If you don’t have Kubernetes engineers in your team, you can take help from the following list of companies listed on CNCF. Who can help you doing K8s setup ( of course they will charge you for their service) https://www.cncf.io/certification/kcsp/

#4 Kubernetes Database

Yes, Kubernetes as an orchestration tool internally used a Database to store information. When you create an Object like Deployment, Pod, Service, Secrets — all such information are stored in etcd database. When you execute kubectl command, kubectl command talks to KubeAPI and KubeAPI request to binary ( internal K8s software ), then those binary extract information from etcd.

etcd is a strongly consistent, distributed key-value store that provides a reliable way to store data that needs to be accessed by a distributed system or cluster of machines. It gracefully handles leader elections during network partitions and can tolerate machine failure, even in the leader node

etcd Benchmarked at 1000s of writes/s per instance

Do you want to understand how practically etcd works ? let’s use this website playground to do some write, Read and Delete operation http://play.etcd.io/play

#5 Kubernetes API life cycle

The core of Kubernetes’ control plane is the API server. The API server exposes an HTTP API that lets end users, different parts of your cluster, and external components communicate with one another.

The Kubernetes API lets you query and manipulate the state of API objects in Kubernetes (for example: Pods, Namespaces, ConfigMaps, and Events).

Have you seen this ? for few objects you write alpha1 and for few write v1 and for others you write beta1

apiVersion: kubelet.config.k8s.io/v1alpha1

apiVersion: v1

When Kubernetes add new features, mostly it never release it as GA (General available), rather it goes through API life-cycle called alpha, beta, betav1, betav2 and GA (v1, v2 etc).

Each time you are upgrading kubernetes, you need to look at your YAML files, in-case any alpha API promoted to beta. Or any beta api promoted to GA. Based on that you need to make changes to your YAML files ( RAW K8s Object YAML files or Helm Chart ) to point to correct API version. As there might be cases that, K8s might deprecate the API it-self.

#6 CRI: Container Runtime Interface

Container is not all about Docker. There are a lot of container solution available, which can be used as Container engine/runtime for Kubernetes.

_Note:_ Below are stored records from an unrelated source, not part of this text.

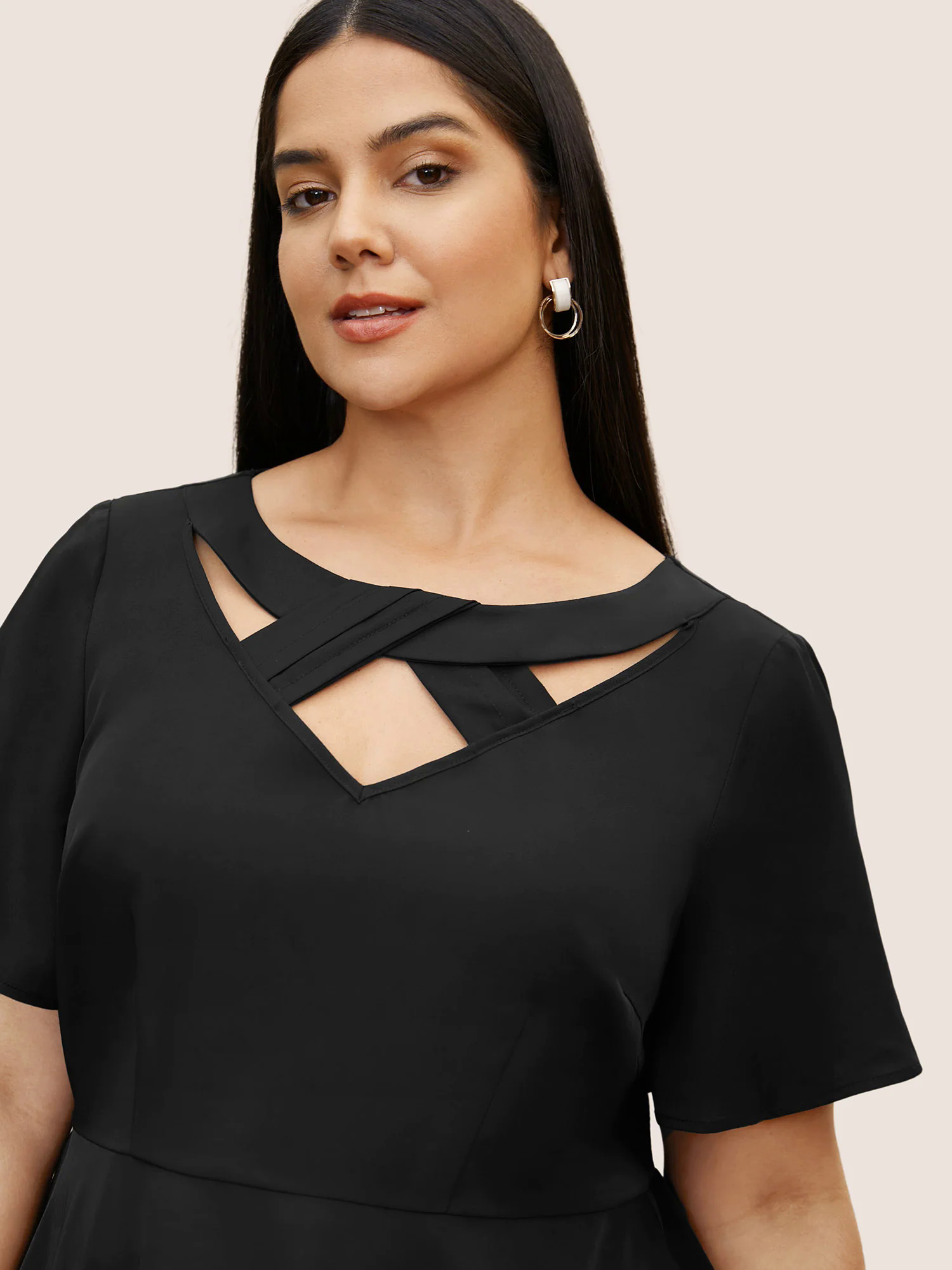Plain Cut Out Gathered Flutter Sleeve Blouse Plain Cut Out Gathered Flutter Sleeve Blouse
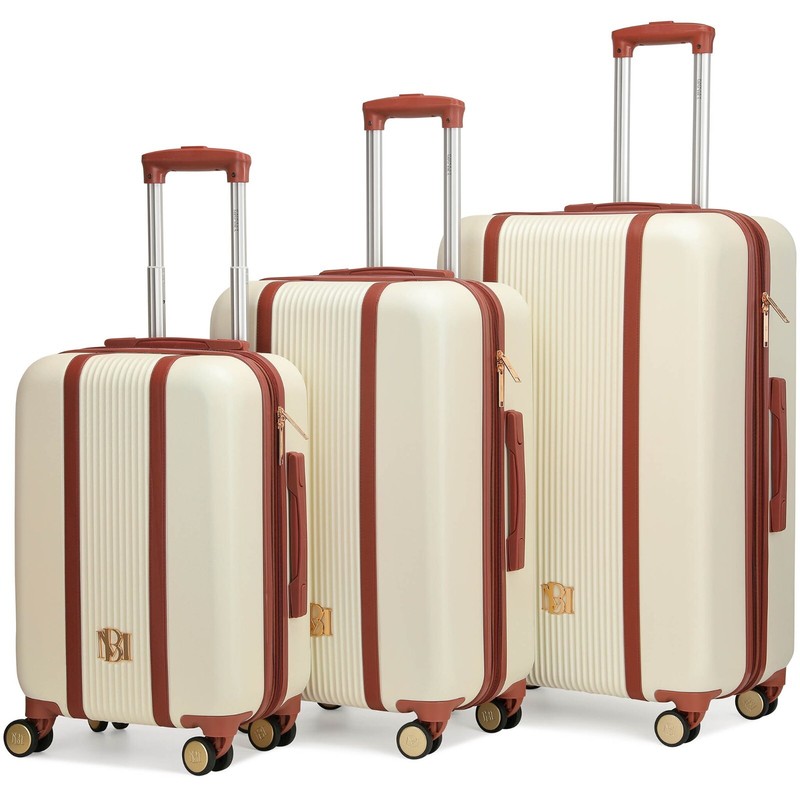 BADGLEY MISCHKA Mia 3 Piece Polycarbonate-ABS Expandable Retro Luggage Set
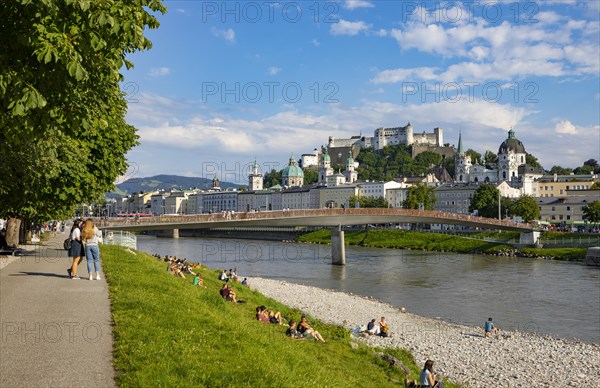 View over the Salzach river from Elisabethkai to the old town and the fortress Hohensalzburg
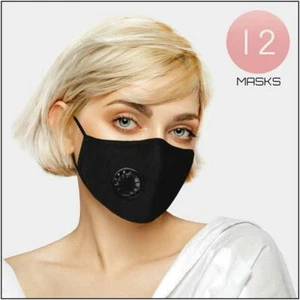 12 Packung Schutz Gesichtsmaske Schwarz Mit Valve Wiederverwendbar Waschbar Etui - Picture 1 of 2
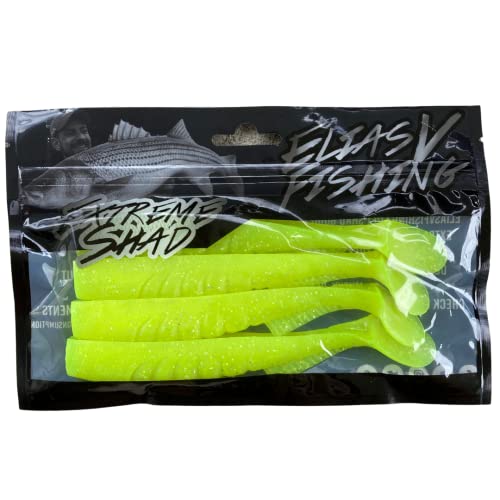 Extreme Swim Shad Striped Bass Soft Fishing Lure By Eliasvfishing 5.5" (2 Packs Of Four) Redfish, Bluefish, Lmb, Musky (Googan Green) #TOP1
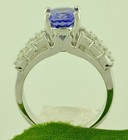 14k Solid White Gold Natural Diamond & AAA Cushion Cut Tanzanite Ring Princess — photo 6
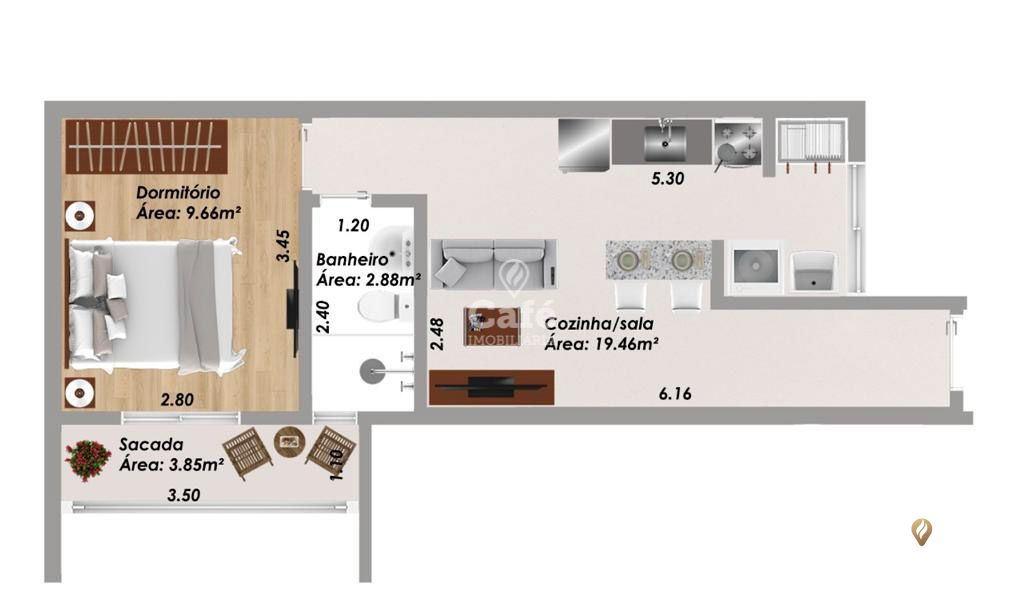 Apartamento à venda com 1 quarto, 35m² - Foto 7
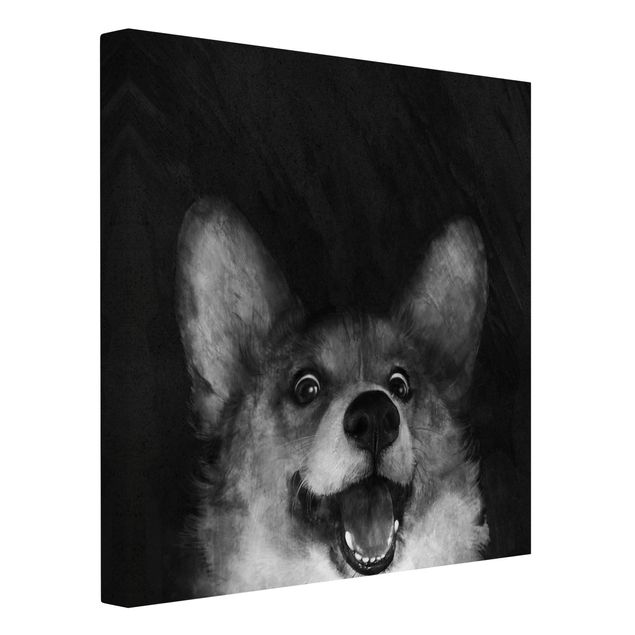 Canvastavlor svart och vitt Illustration Dog Corgi Paintig Black And White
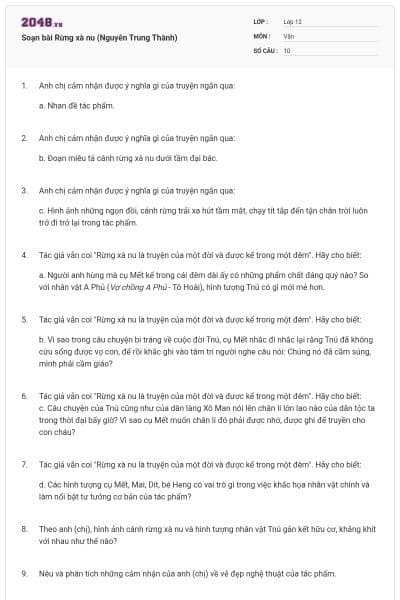 Soạn bài Rừng xà nu (Nguyễn Trung Thành)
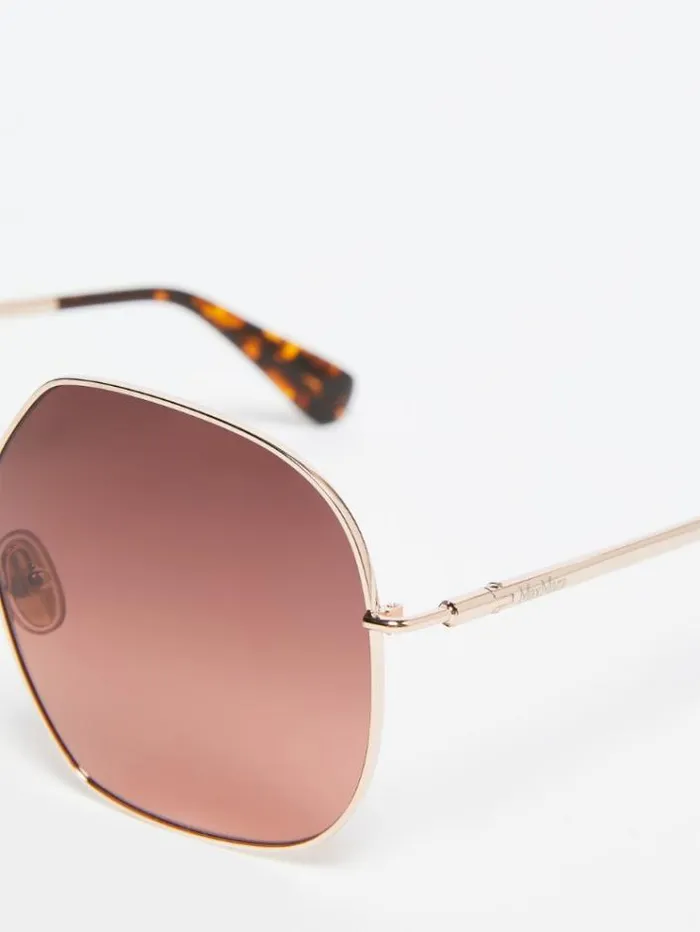 Woman Metal Sunglasses Brown Bordeaux Maxmara Eyewear Woman Metal Sunglasses Brown Bordeaux Maxmara Eyewear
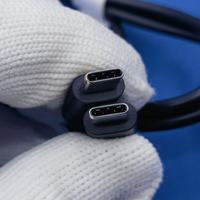 Cable de Datos TPE Blindado de Doble Puerto Tipo-C, 1.8m-3A 60W, Carga Rápida PD, para Teléfonos Móviles y Bancos de Energía
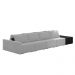 Sofá Ilha Modulado Milos 432cm Puff Lateral Cinza Preto Manchado Veludo/PU G33 - Gran Belo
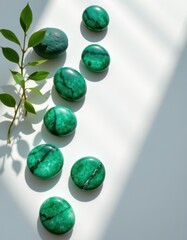 A serene and captivating position featuring smooth, polished spa stones arranged gracefully on a pristine white background, The stones, varying in size and shape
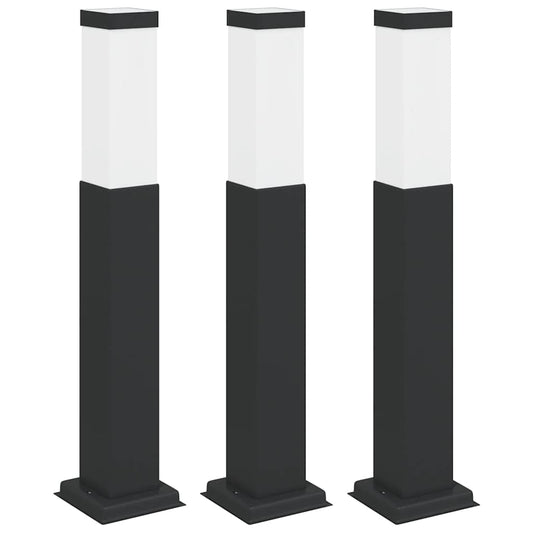 Pollerleuchten 3 Stk. 50 cm Schwarz IP44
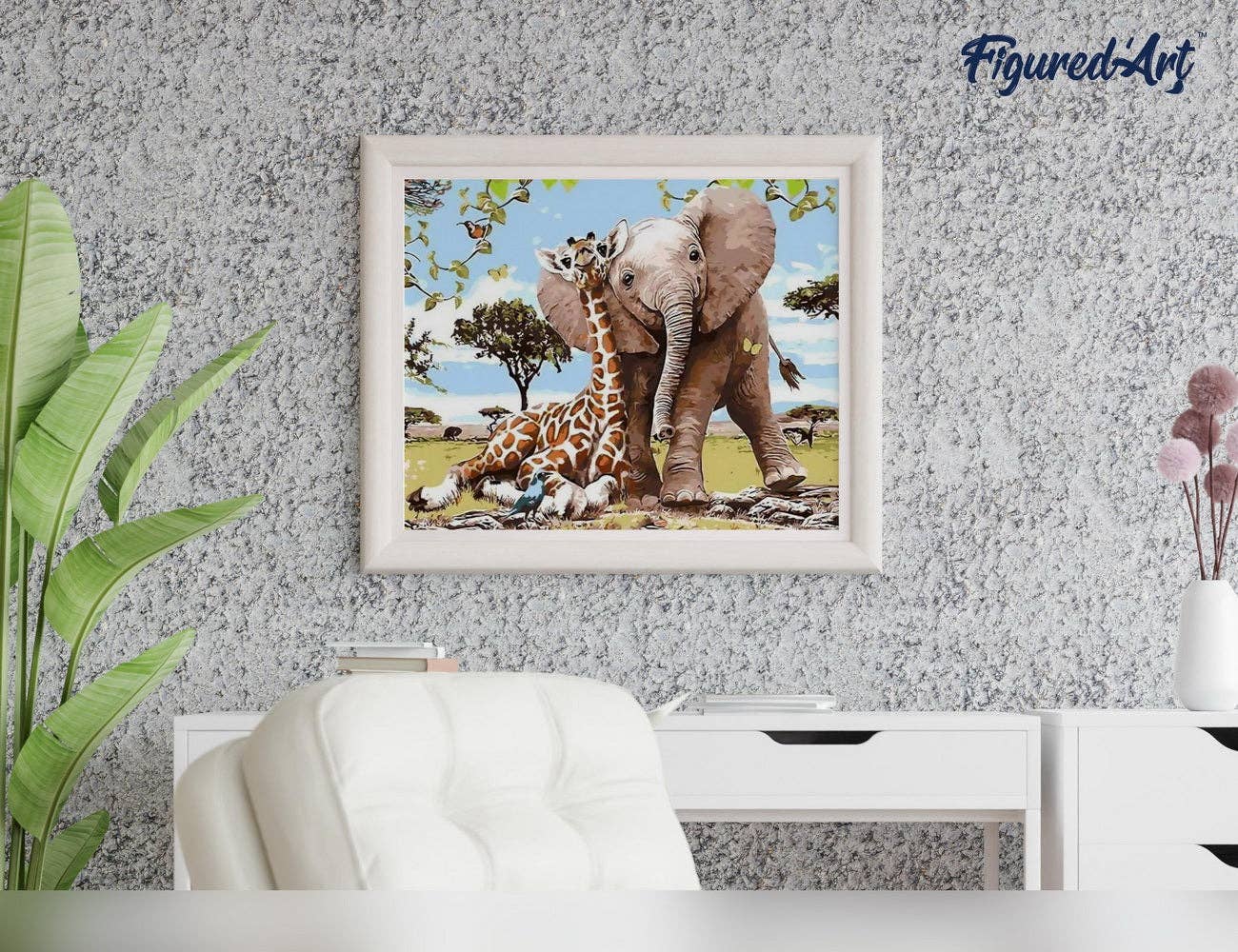 Figured'Art - Paint by numbers - Elephant & Giraffe friends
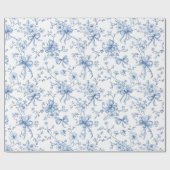 Blue Ribbons and Bows Toile Coquette Pattern Cadeaupapier (Vlak)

Out-of-box kubernetes is having a API layer called CRI, which promotes any container engine/runtime which can talk to K8s via CRI ( by means protobuf and grpc ) — kubernetes is going to support it. Kubelet communicates with the container runtime (or a CRI shim for the runtime) over Unix sockets using the gRPC framework, where kubelet acts as a client and the CRI shim as the server.

There are container runtime/engines like Docker, RKT , CRI-O, containerd. But still Docker is the default runtime for K8s till v1.23 and CRI is still under Alpha.

Starting from K8s 1.24, docker-shim is deprecated, means you can’t use Docker engine starting from v1.24 of K8s. So what’s next ?

For your local docker build and docker run you can use Docker engine. Also in your DevOps pipeline you can use Docker engine. But in actual kubernetes cluster, you can’t use Docker are runtime starting K8s v1.24.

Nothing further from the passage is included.